MATERIAL FOR THIS TASK
○ ○ ○ ○ ○

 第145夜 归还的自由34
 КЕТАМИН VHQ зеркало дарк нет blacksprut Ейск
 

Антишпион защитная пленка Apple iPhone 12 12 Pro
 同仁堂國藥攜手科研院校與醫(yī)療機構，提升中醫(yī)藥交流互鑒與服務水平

○ ○ ○ ○ ○

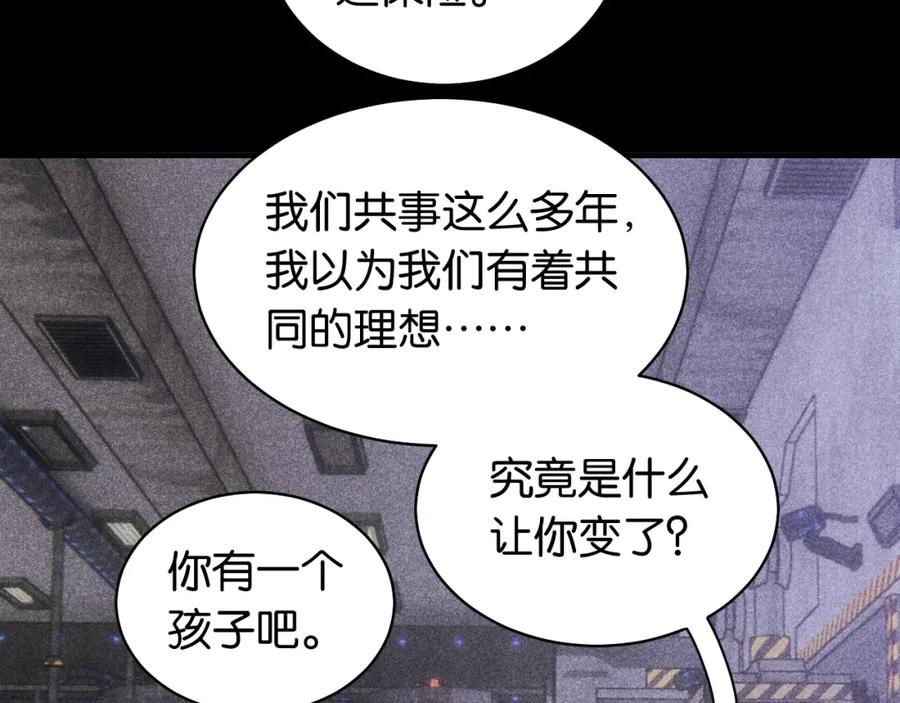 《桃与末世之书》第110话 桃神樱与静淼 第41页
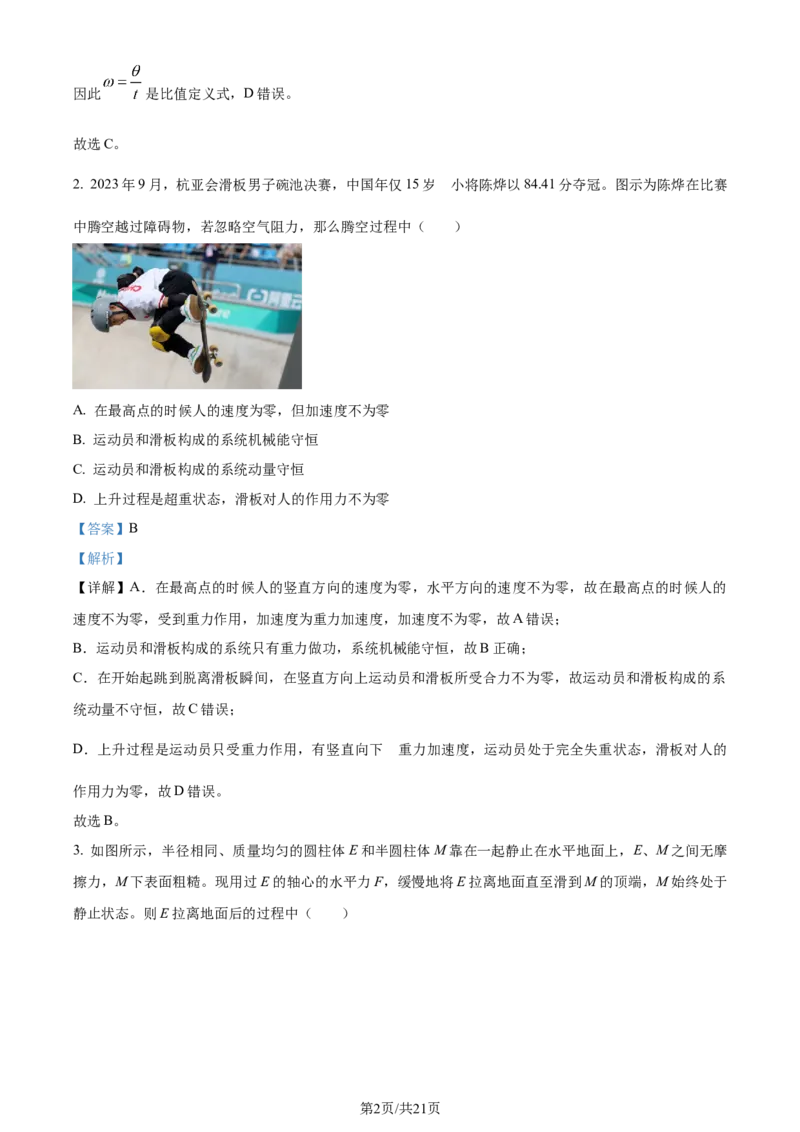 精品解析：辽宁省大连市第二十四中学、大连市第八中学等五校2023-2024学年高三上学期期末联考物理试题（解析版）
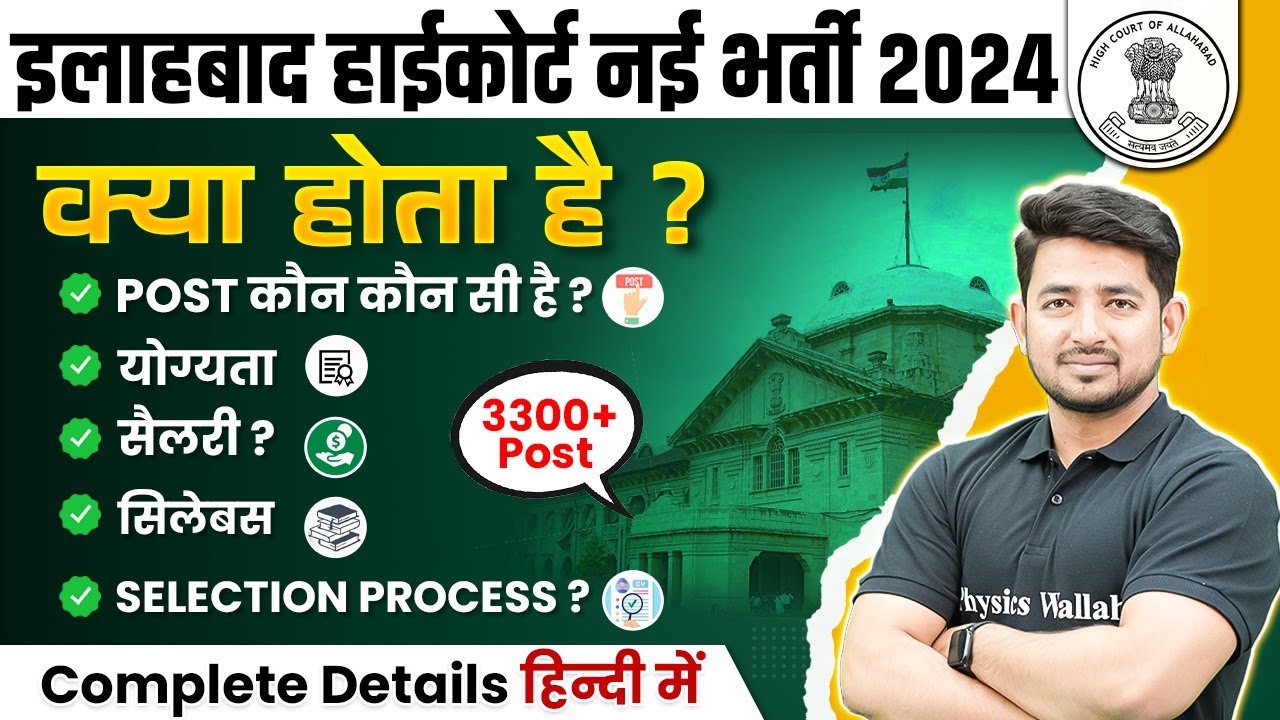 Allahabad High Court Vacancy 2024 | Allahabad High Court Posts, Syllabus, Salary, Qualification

○ ○ ○ ○ ○

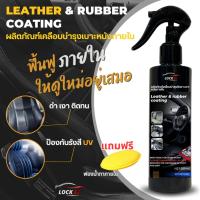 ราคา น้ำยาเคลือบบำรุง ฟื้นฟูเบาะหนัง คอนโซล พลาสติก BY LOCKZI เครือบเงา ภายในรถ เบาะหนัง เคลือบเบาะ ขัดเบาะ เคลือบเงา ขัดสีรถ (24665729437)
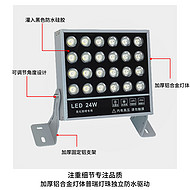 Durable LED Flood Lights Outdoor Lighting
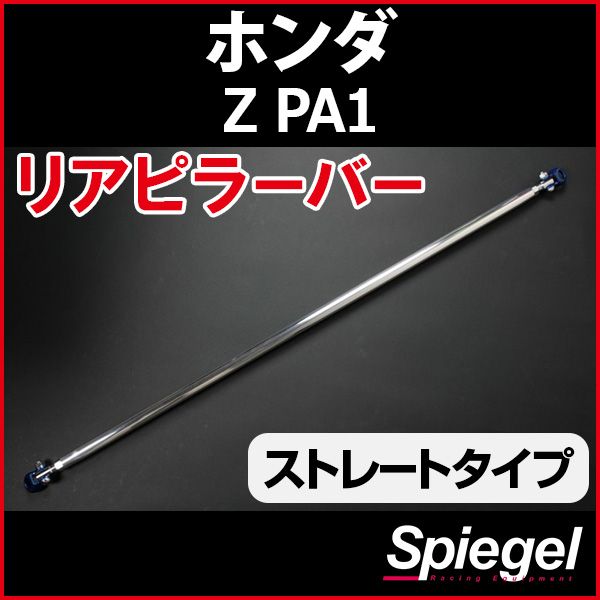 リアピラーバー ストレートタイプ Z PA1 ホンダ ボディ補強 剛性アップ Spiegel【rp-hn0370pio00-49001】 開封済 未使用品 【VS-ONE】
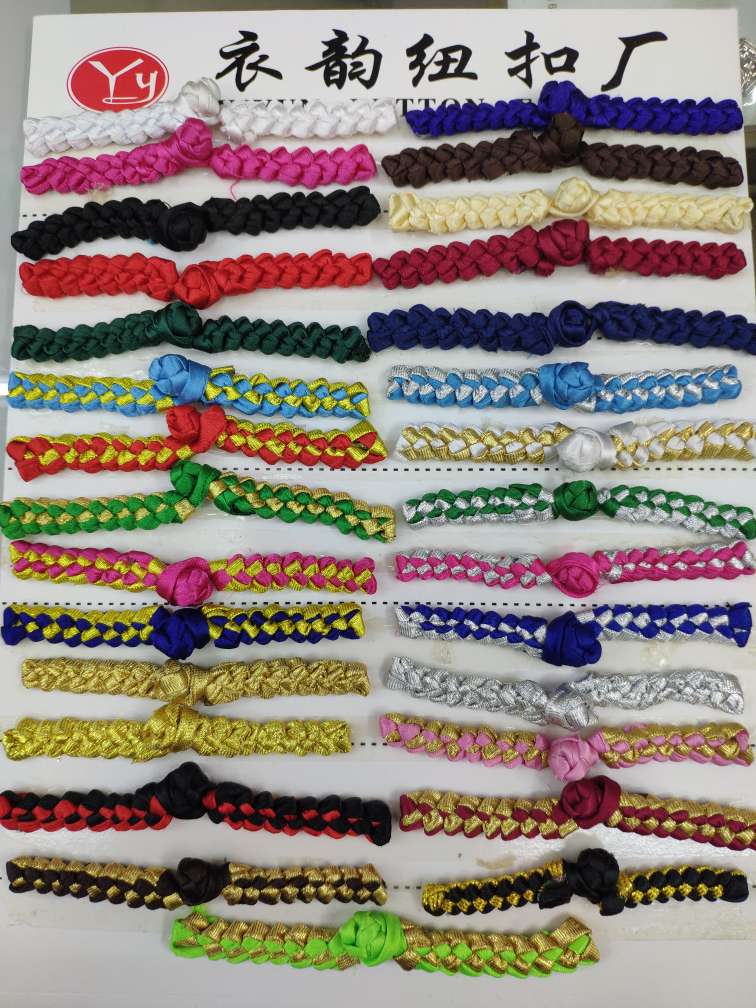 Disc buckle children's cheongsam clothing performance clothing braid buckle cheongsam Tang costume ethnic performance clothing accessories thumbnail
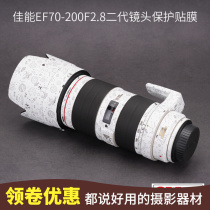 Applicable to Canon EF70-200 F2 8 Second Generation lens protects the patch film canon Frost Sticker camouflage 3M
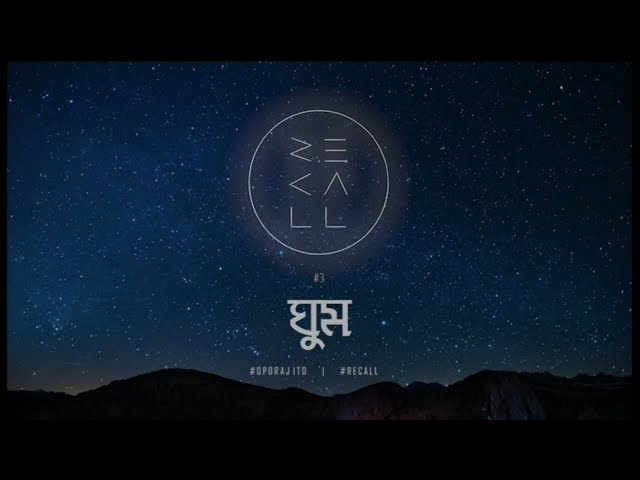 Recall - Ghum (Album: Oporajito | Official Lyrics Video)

○ ○ ○ ○ ○

REQUIRED WORK
Looking at the records above, return exactly the lines from the line with "第145夜 归还的自由34" to the line with "同仁堂國藥攜手科研院校與醫(yī)療機構，提升中醫(yī)藥交流互鑒與服務水平", both ends included.

SOLUTION
 第145夜 归还的自由34
 КЕТАМИН VHQ зеркало дарк нет blacksprut Ейск
 

Антишпион защитная пленка Apple iPhone 12 12 Pro
 同仁堂國藥攜手科研院校與醫(yī)療機構，提升中醫(yī)藥交流互鑒與服務水平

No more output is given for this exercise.